The sad fact is that in autism, as in many other diseases, there is plenty of generic evidence for genetic risk factors playing some role (because the disorder seems to cluster somewhat in families), yet the prevalence has grown rapidly only in a recent few decades. Yes, there is the lingering question of whether prevalence has actually risen, or just the probability that a child will be diagnosed with one of a broadened spectrum of disorders, but prevalence has continued to rise rapidly even in the last few years, while the definition of the spectrum has been the same, which makes it seem less likely that rates are simply reflecting increased or altered diagnosis. This shows that even if there are gene-environment interactions, the trait is preponderantly due to environmental factors--unfortunately, despite all sorts of guesses and wild guess, the factors are not yet known.

GWAS and other mapping approaches held out hope to many, and even to some extent to skeptics, that diseases like autism for which there was no good physiological understanding could reveal genes, and hence mechanisms that would lead both to understanding and eventually to treatment. But this hope really hasn't been borne out.

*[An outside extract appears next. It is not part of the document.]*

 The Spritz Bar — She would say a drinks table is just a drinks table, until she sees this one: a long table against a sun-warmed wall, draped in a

The current typical response (and that of the authors of these studies) is that we need larger studies of various genetic sorts. As we've said a few times in this blog, and as even some GWAS proponents believe, that is most likely to mean much more work to find much less, and unlikely to really crack the problem. Larger studies will in principle find rarer things, but that only works if the increase in study size isn't accompanied by even greater risk heterogeneity (an improved signal to noise ratio). Even complete DNA sequence can't automatically pull the rabbit out of the hat, because the more DNA examined the more variable sites one will find.

Since it is likely that much of what we're looking for is regulatory, and we don't yet know very well how to identify such sequences, we'll be awash in DNA data with no clearer biological picture. There are some subtle points afoot here. They have to do with the statistical nature of these studies. It's possible in principle that even with densely-marked GWAS no marker will have detectably strong association with the true causal site (or, worse, sites) in a chromosome region. Full DNA sequence would in principle include the site(s) directly, but the plethora of data may well obscure it. Generally, if individual signal is strong enough to be breakthrough-generating, we should have seen it by now.

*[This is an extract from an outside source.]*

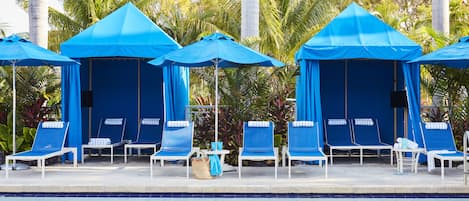 A poolside area with blue canopies, lounge chairs, and a tiled pool.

So, each new study like these recent ones presses home the dual points: large association studies simply do not seem to be the way to understand these complex traits, and instead we need some clever person to show us a better way.

We need to get GWAS off our mind (though it doesn't seem likely to happen any time soon). Being negative about GWAS may seem unseemly. But it is an attempt to be constructive. These problems are so worth studying that they are worth studying right rather than just studying again and again in the same unsatisfactory way.